> **What to do**:
Using the entries below, write out the line with "So behind me", the line with "It did something.", and every line in between, exactly as each is written.

> **Data to examine**:
^^^^

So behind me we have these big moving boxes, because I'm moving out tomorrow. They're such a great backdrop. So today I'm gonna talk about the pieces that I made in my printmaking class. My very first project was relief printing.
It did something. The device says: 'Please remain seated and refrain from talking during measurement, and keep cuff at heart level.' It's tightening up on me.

^^^^

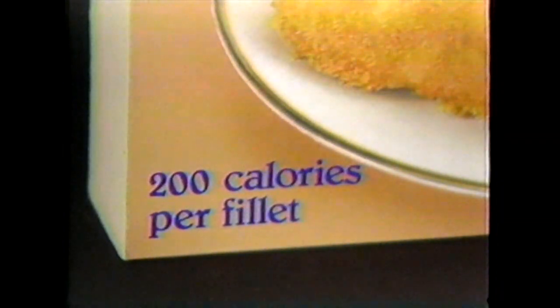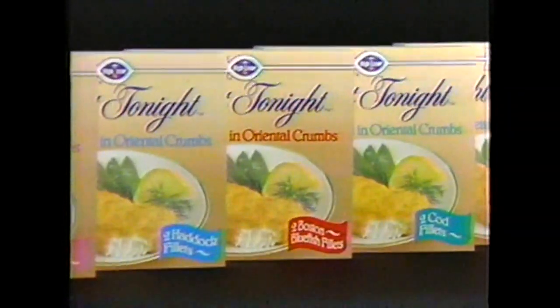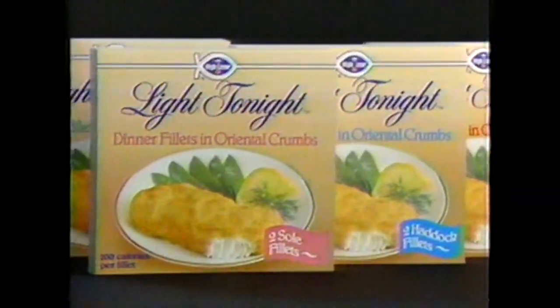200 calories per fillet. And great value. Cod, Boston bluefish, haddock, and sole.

^^^^

> **Answer to the exercise**:
So behind me we have these big moving boxes, because I'm moving out tomorrow. They're such a great backdrop. So today I'm gonna talk about the pieces that I made in my printmaking class. My very first project was relief printing.
It did something. The device says: 'Please remain seated and refrain from talking during measurement, and keep cuff at heart level.' It's tightening up on me.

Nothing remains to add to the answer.